Latest update from AWS:

[5:39 AM PST] We have now restored power to all instances and network devices within the affected data center and are seeing recovery for the majority of EC2 instances and EBS volumes within the affected Availability Zone. Network connectivity within the affected Availability Zone has also returned to normal levels. While all services are starting to see meaningful recovery, services which were hosting endpoints within the affected data center - such as single-AZ RDS databases, ElastiCache, etc. - would have seen impact during the event, but are starting to see recovery now. Given the level of recovery, if you have not yet failed away from the affected Availability Zone, you should be starting to see recovery at this stage.

Posted Dec 22, 2021 - 14:01 UTC

Update

The issue is also affecting our Atomic dashboard, which is currently unavailable or returning errors intermittently.

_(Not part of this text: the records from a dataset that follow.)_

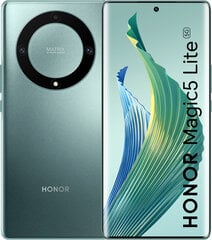 Honor Magic5 Lite 5G 8/256GB Emerald Green 5109ARUL цена и информация | Мобильные телефоны | kaup24.ee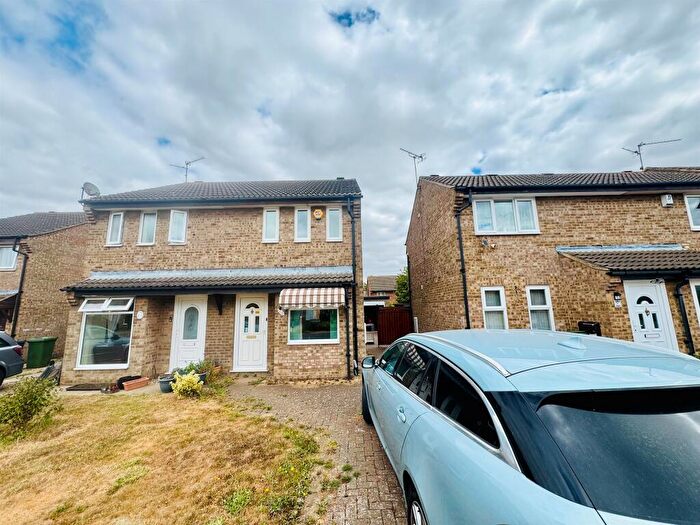 2 Bedroom Semi-Detached House For Sale In Squires Gate, Peterborough, PE4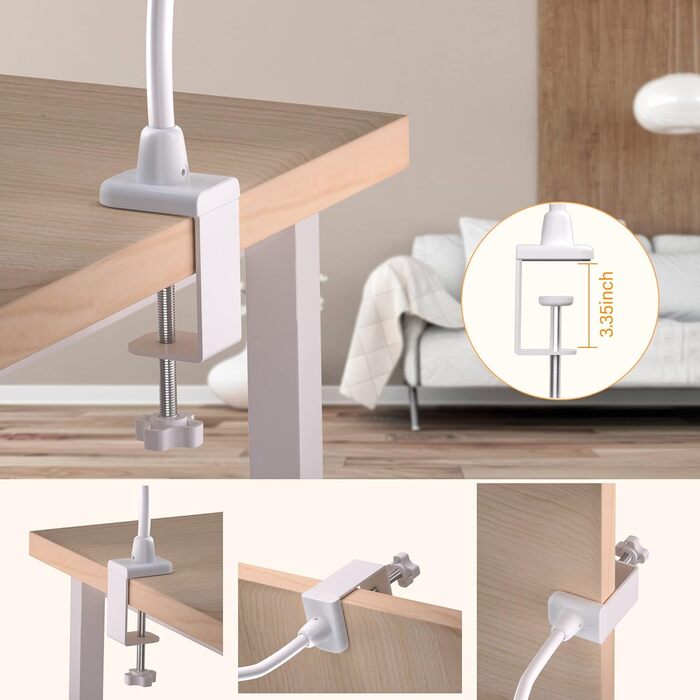 Світлодіодна настільна лампа Hokone Поворотна рука Architect Lamp Захист очей Робоче світло Офісна настільна лампа 4 колірні режим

Posted Dec 22, 2021 - 13:31 UTC

Update

Latest update from AWS:

[5:18 AM PST] We continue to make progress in restoring power to the affected data center within the affected Availability Zone (USE1-AZ4) in the US-EAST-1 Region. We have now restored power to the majority of instances and networking devices within the affected data center and are starting to see some early signs of recovery. Customers experiencing connectivity or instance availability issues within the affected Availability Zone, should start to see some recovery as power is restored to the affected data center. RunInstances API error rates are returning to normal levels and we are working to recover affected EC2 instances and EBS volumes. While we would expect continued improvement over the coming hour, we would still recommend failing away from the Availability Zone if you are able to do so to mitigate this issue.

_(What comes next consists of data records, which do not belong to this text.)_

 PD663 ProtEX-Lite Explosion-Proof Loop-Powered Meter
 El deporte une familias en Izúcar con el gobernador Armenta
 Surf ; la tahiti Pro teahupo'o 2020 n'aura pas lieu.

Posted Dec 22, 2021 - 13:26 UTC

Update

Latest update from AWS:

[5:01 AM PST] We can confirm a loss of power within a single data center within a single Availability Zone (USE1-AZ4) in the US-EAST-1 Region. This is affecting availability and connectivity to EC2 instances that are part of the affected data center within the affected Availability Zone. We are also experiencing elevated RunInstance API error rates for launches within the affected Availability Zone. Connectivity and power to other data centers within the affected Availability Zone, or other Availability Zones within the US-EAST-1 Region are not affected by this issue, but we would recommend failing away from the affected Availability Zone (USE1-AZ4) if you are able to do so. We continue to work to address the issue and restore power within the affected data center.

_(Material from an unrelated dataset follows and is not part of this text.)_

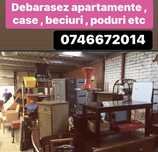 Debarasam apartamente , case , beciuri,podur etci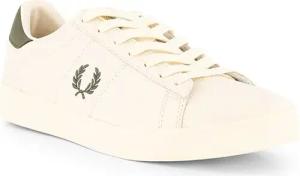 Fred Perry Herren Sneaker weiß Glattleder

Posted Dec 22, 2021 - 13:05 UTC

Update

Update from AWS:

[4:35 AM PST] We are investigating increased EC2 launch failures and networking connectivity issues for some instances in a single Availability Zone (USE1-AZ4) in the US-EAST-1 Region. Other Availability Zones within the US-EAST-1 Region are not affected by this issue.

Posted Dec 22, 2021 - 12:53 UTC

Investigating

An issue with AWS in US-EAST-1 (Virginia) region is currently causing an outage for a large number of servers in the region.

Posted Dec 22, 2021 - 12:32 UTC

This incident affected: Atomic Control Panel, VPS Hosting Infrastructure, API, Automation, and CI/CD Integrations.